The equation $$x^x=\frac{1}{\sqrt 2},x\in \mathbb R$$
has two obvious solutions $0.5$ and $0.25$
One can easily prove they are the only ones using differential calculus.
Is there any natural algebraic manipulation that would lead to finding these solutions ?
Using the Lambert W function, which is the inverse of $f(x)=xe^x$, we get $$ \begin{align} x^x&=a\\ x\log(x)&=\log(a)\\ \log(x)e^{\log(x)}&=\log(a)\\ \log(x)&=\mathrm{W}(\log(a))\\ x&=e^{\mathrm{W}(\log(a))} \end{align} $$ There are an infinite set of complex branches of the Lambert W function corresponding to the multiple solutions of $xe^x=y$. There is one real branch for $y\gt0$ and two real branches for $y\lt0$.
In the question at hand, $\log\left(\frac1{\sqrt2}\right)\lt0$, so we get two real branches, giving the answers $\frac12$ and $\frac14$ for $x^x=\frac1{\sqrt2}$ .
I gave an algorithm for computing the real branches of Lambert W in this answer.
One natural thing to try is taking logarithms.
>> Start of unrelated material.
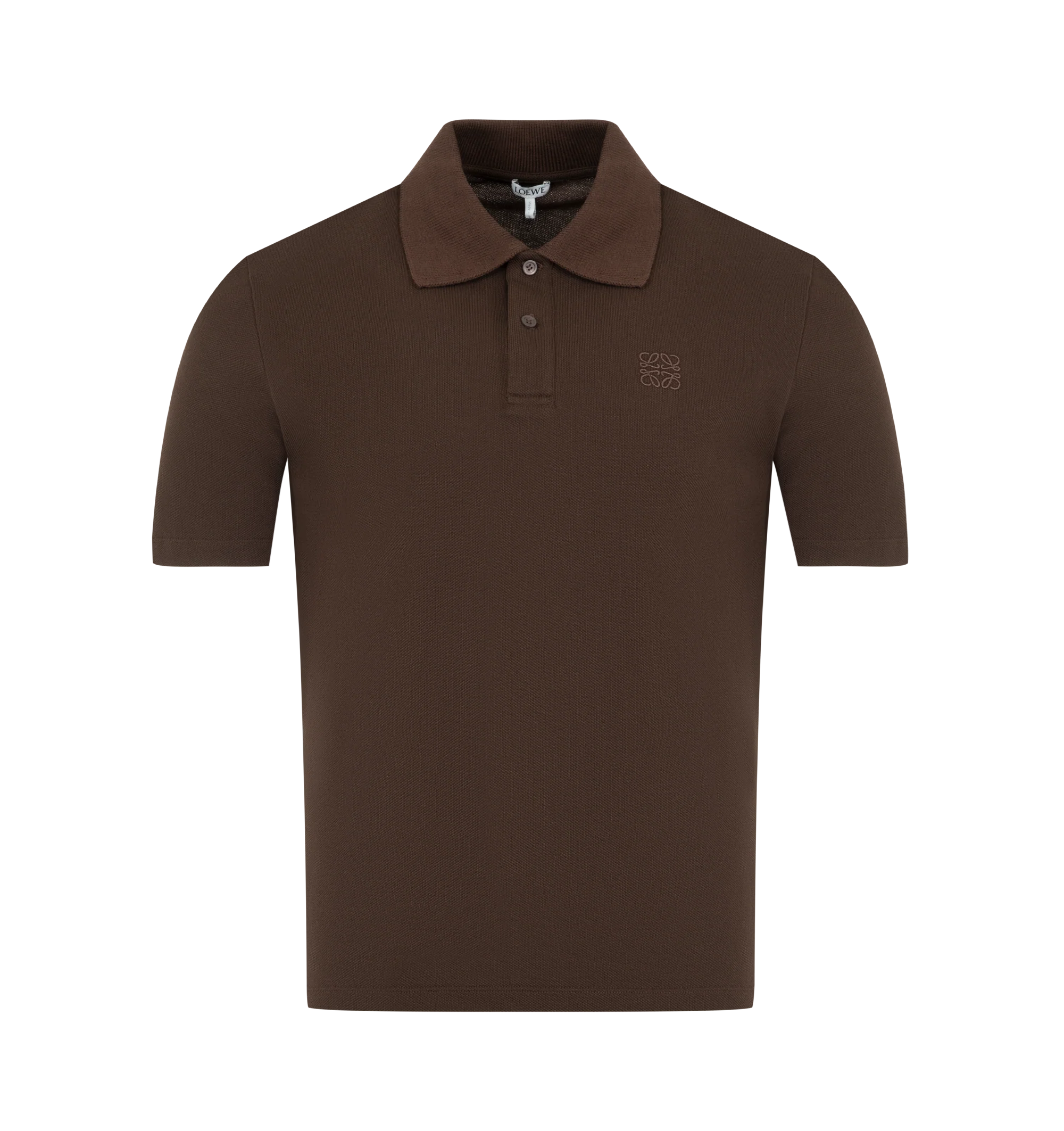 POLO (MENS)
This gives
$$x\log x = \log\left({1\over\sqrt2}\right)={1\over2}\log\left({1\over2}\right)$$
from which the solution $x=1/2$ stands out. One would likewise find the solution $x=1/3$ for the equation
$$x^x = {1\over\sqrt[3]3}$$
The other solution, $x=1/4$, however, can be traced to the fact that $2^2=2\times2$, so that
$${1\over4}\log\left({1\over4}\right)={1\over4}\log\left({1\over2^2}\right)={2\over4}\log\left({1\over2}\right)={1\over2}\log\left({1\over2}\right)$$
There is no correspondingly nice relationship when the $2$'s are replaced by $3$'s.
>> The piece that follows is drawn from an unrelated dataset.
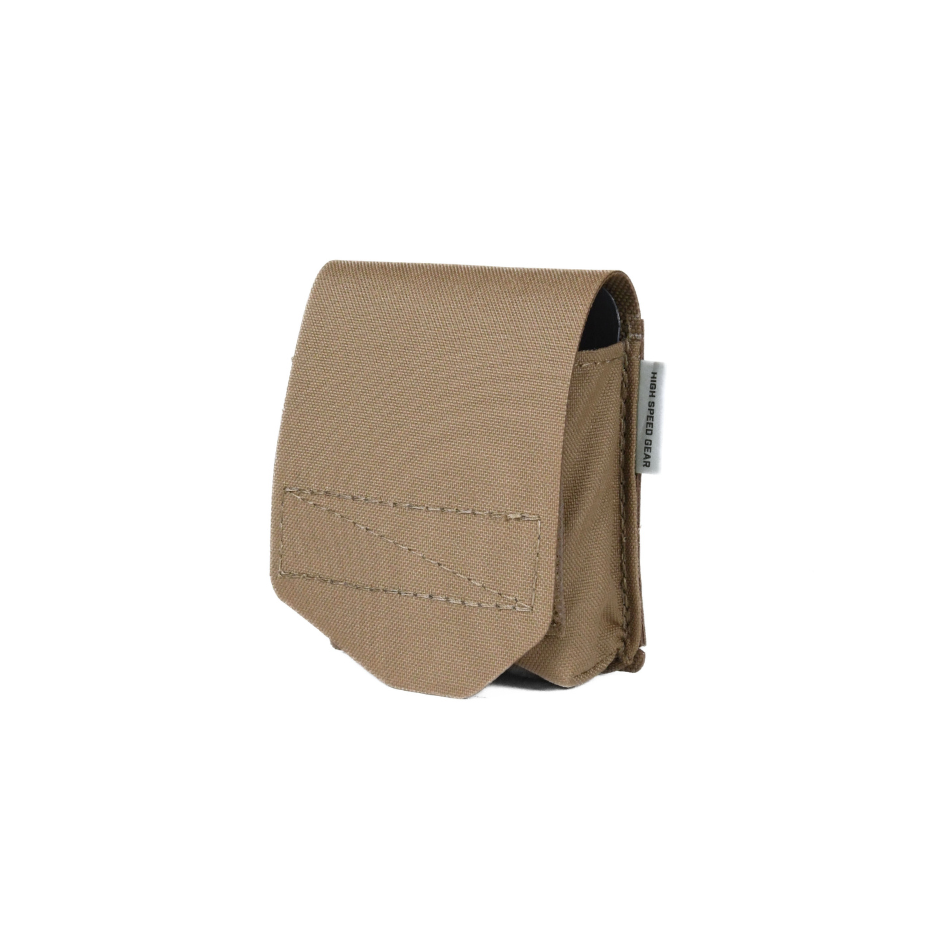 HSGI Duty Flex 33 Pouch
Nope; $x^x$ is a (non-elementary) transcendental function so, in general, an equation involving it has no algebraic solution.
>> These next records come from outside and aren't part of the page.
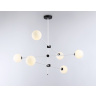 Подвесной светильник Ambrella light TR2512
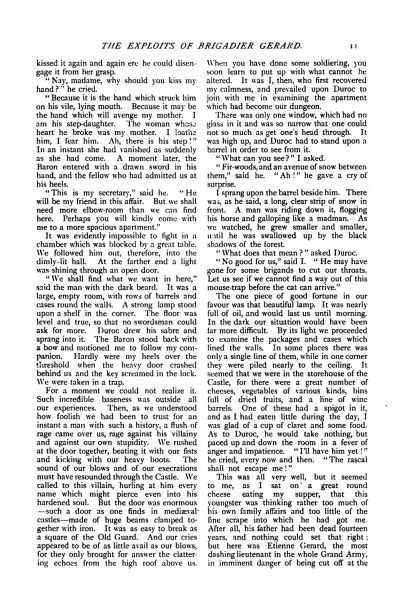 File:The-strand-magazine-1895-07-how-the-brigadier-came-to-the-castle-of-gloom-p11.jpg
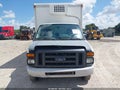 2012 Ford E-450 — photo 6 of 19 | VIN 1FDXE4FLXCDA43021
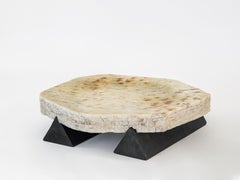 Couchtisch von Studiopepe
In fact, it is a special case of the equation $x^x = y^y$ with $x \neq y$, showing (1/2,1/4) is a solution. To find other rational solutions of this equation, one does not need differential calculus.
Set $x = y^s$, so
$x^x = (y^s)^{y^s} = y^{s.y^s} = y^y$ iff
$s.y^s = y$ iff
$y^{(s-1)} = (1/s)$ iff
$y = (1/s)^{1/(s-1)}$
Note that y is rational iff $1/(s-1) = N$ is a natural number, hence solving for $s$ gives,
$s = 1 + 1/N = (N+1)/N$, giving
$y = [{N \over N+1}]^N$ and
$x = y^s = [{N \over N+1}]^{(N+1)}$
Note that with these $x$ and $y$, $x^x = y^y = [{N \over N+1}]^{N^{(N+1)} \over (N+1)^N}$
For $N=1$ we get $(x(1),y(1)) = (1/2, 1/4)$, hence $(1/2)^{(1/2)} = (1/4)^{(1/4)} = \sqrt 2$
For $N=2$ we get $(x(2), y(2)) = (4/9, 8/27)$, hence
$(4/9)^{(4/9)} = (8/27)^{(8/27)} = (2/3)^{(8/9)} = ({256 \over 6561})^{(1/9)} = 0.69738... $
etc.
Sometimes you will see the Lambert W-function (or some branch thereof) invoked to handle such questions.